ABOUT THIS TASK:
Nothing but the lines below from the one containing "Room 16 of 63" through the one containing "Luxuriöse Stadtvilla in" should appear in the answer, exact and without pictures.

RECORD EXCERPTS:
· · · · ·
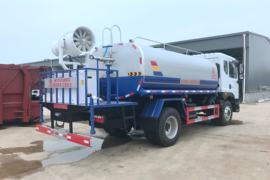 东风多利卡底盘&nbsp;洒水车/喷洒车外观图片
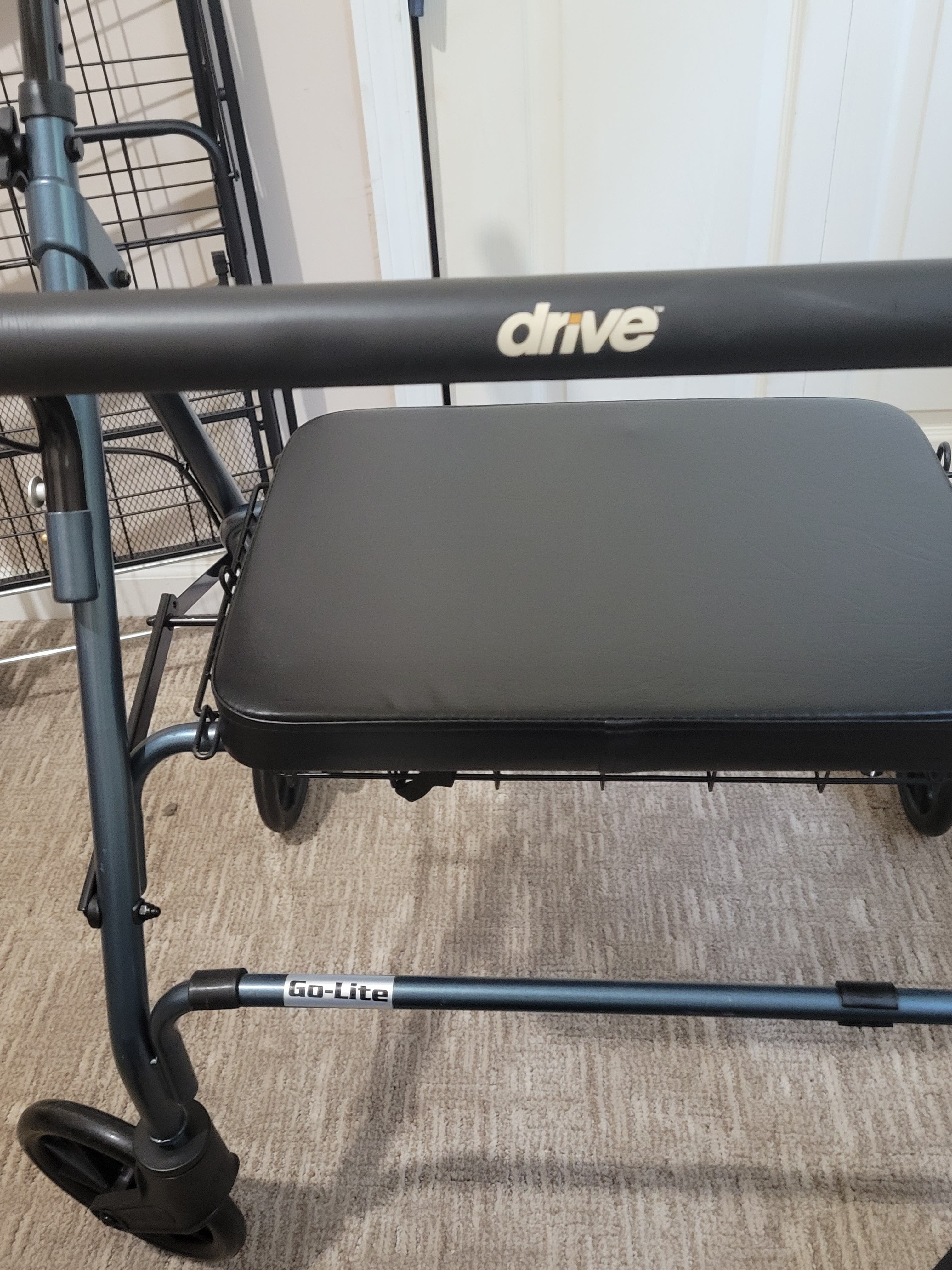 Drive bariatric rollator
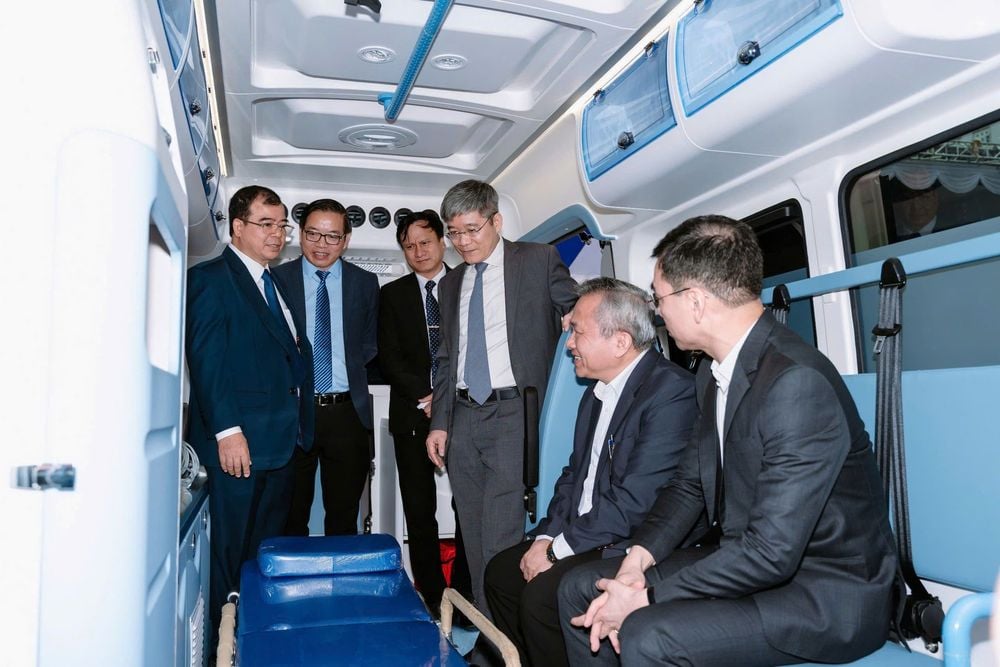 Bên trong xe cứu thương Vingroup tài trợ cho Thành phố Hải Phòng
· · · · ·
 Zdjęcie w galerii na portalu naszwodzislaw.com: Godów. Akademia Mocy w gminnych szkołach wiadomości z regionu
· · · · ·
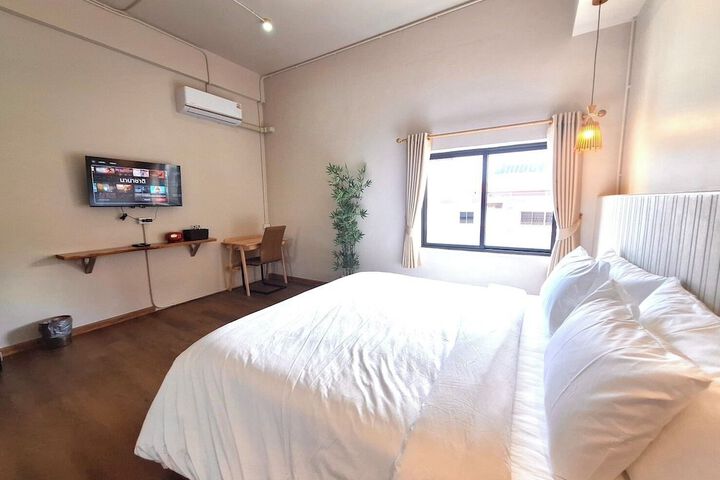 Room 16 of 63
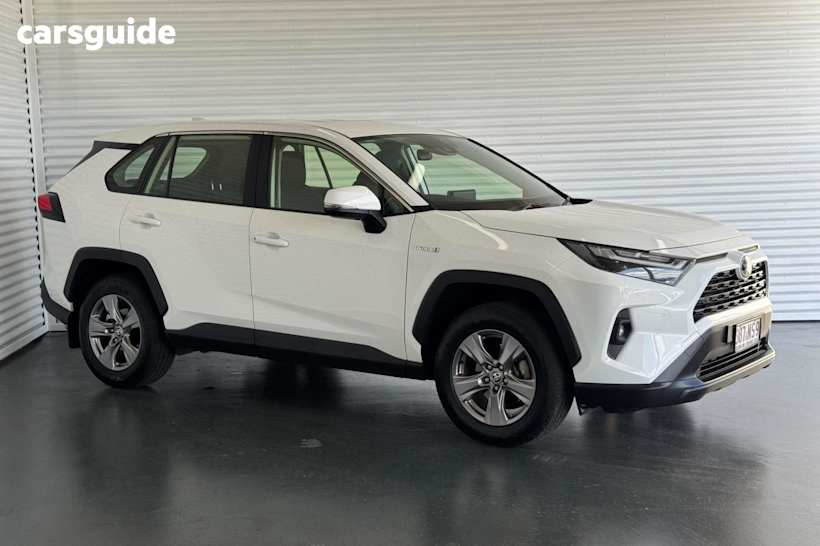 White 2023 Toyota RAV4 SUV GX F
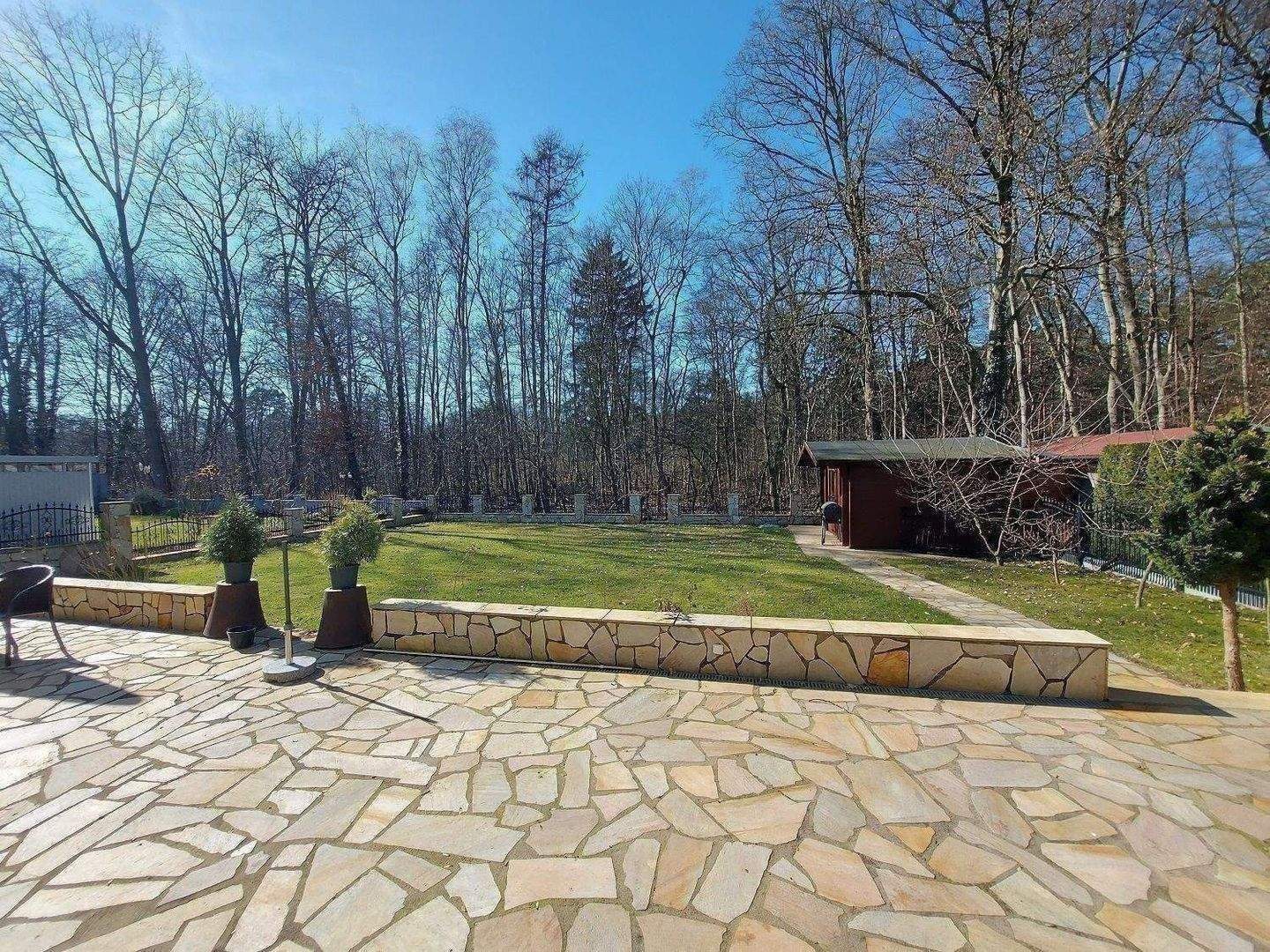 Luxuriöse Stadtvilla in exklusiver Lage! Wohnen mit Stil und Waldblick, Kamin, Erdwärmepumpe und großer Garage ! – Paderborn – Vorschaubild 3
· · · · ·
TASK RESULT:
 Room 16 of 63
 White 2023 Toyota RAV4 SUV GX F
 Luxuriöse Stadtvilla in exklusiver Lage! Wohnen mit Stil und Waldblick, Kamin, Erdwärmepumpe und großer Garage ! – Paderborn – Vorschaubild 3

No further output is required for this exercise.